How Does It Work?
- Helps the body to adapt efficiently to external stress
- Reduces the severity of internal stress from toxic, immune and inflammatory triggers
- Takes the burden off the adrenal gland and has a sparing effect on cortisol
- Helps to restore healthy cortisol fluctuations
- Anti-catabolic – by reducing the damaging effects of cortisol in response to stress, training and stimulants
- Improve resilience
- supports healthy digestion, detoxification and antioxidant defence systems
- supports healthy immune system function
- potent anti-inflammatory and pain reliever
- To fully understand how to influence hormonal secretions and activities we must first understand the big picture and know the natural cycles that dictate our body’s priorities between thrive or survive.
I can and will explain this in more depth but it is important to get the basic concept to understand and appreciate the intricacies of the individual triggers and hormones. Then we can learn how to use these hormones to maximise health and performance.
The HPA (Hypothalamic Pituitary Adrenal) Axis mediates our survival response.
The Hypothalamus in our brain collects data from our body to inform of potential stressors. The definition of a stressor is “anything that makes a change in our body”. So basically changes to our external and internal environment can instantly trigger a stress response. Our body can’t afford to wait and see if something is life threatening before it reacts, therefore it will trigger a stress response, proactively, just in case. The immune system, inflammatory chemicals, emotional stress, fear, pain, temperature extremes, toxicity, training hard, caffeine etc will all activate the Hypothalamus to initiate a survival response.
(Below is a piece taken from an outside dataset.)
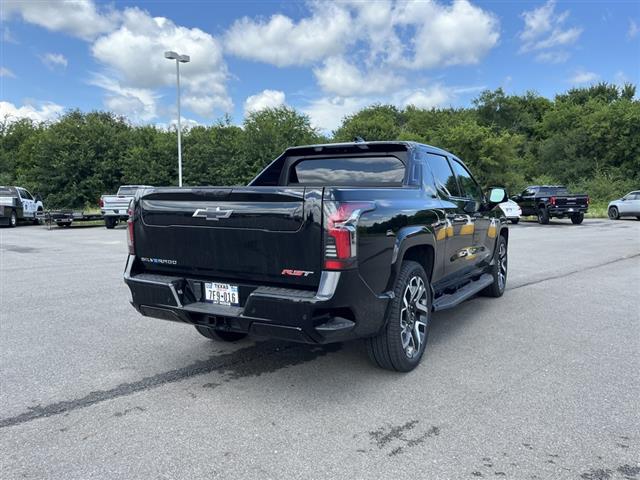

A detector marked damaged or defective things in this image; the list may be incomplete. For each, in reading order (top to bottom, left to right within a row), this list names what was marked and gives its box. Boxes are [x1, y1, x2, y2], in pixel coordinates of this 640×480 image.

crack in pavement [508, 253, 636, 290]
crack in pavement [0, 342, 342, 428]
The hypothalamus sends a message to the pituitary gland in the form of a chemical called CRF (cortitropin releasing factor) aka CRH (corticotropin releasing hormone) to say stress! The pituitary gland panics and forgets all about the chemicals needed for other metabolic processes and activities, such as the gonads (The HPG axis) and the thyroid gland (the HPT axis) for now and pumps resources toward survival.
The pituitary gland pumps out ACTH to stimulate the adrenal cortex to release the hormone cortisol.
Cortisol has a number of jobs to do to aid in short term and long term survival:
- In the short term, cortisol helps to raise blood sugar by gluconeogenesis and insulin resistance.
- It also switches off most of the internal stress activators if they have been temporarily spiked by a low dose trigger like a microorganism or an allergen.
- Cortisol switches off the activated immune system and stops the reaction.
- Cortisol switches off the inflammatory response (By the way cortisone and hydrocortisone creams etc for colds flus and allergic reactions are drug versions of cortisol).
- Cortisol blocks the sleepy chemical serotonin and wakes you up.
- Cortisol raises blood pressure and blood volume through fluid retention in case of injury.
The secreted cortisol gets back to the hypothalamus and pituitary gland in your brain and activates negative feedback receptors to switch off our HPA axis stress response and everything goes back to normal. Cortisol is released to protect us from our own defence mechanisms. Too easy.
You are right that sounds too easy. Life isn’t fair. If it isn’t one stress factor it’s another. We have bills to pay, our jobs to do, everyone else’s jobs to do, everyone else’s jobs to check, our job hasn’t got done, we got bills to pay and then the phone rings. Oh yeah, that’s right; I have bad allergies and a funny gut, and I am bloody sore from training legs 2 days ago.
Basically if cortisol is going back to your brain saying, “Chill I got it covered”, but other stress triggers are coming in, and therefore our brain has to over-ride the cortisol and activate a further more intense stress response. The negative feedback receptors in the brain can desensitize to cortisol and ignore the negative feedback request but the rest of the body is still affected by the cortisol and there is more coming.
Chronic exposure to cortisol is a sign that you are not safe. So don’t relax. Blocked serotonin activity means you will be feeling like if you aren’t punching and running you should at least be hiding, so insomnia and anxiety is common with elevated cortisol. In case of injury and immobilization or hiding cortisol preserves fat and fluid around internal organs and the elevated blood pressure, and fluid retention can start causing problems in the cardiovascular system. The immune system gets constant exposure and is supressed allowing for infection and infestation. Muscles and bone are catabolized to fuel the stress response.
So in the real world we all suffer through various versions and stages of adrenal maladaptation depending on our individual circumstances and types of stress.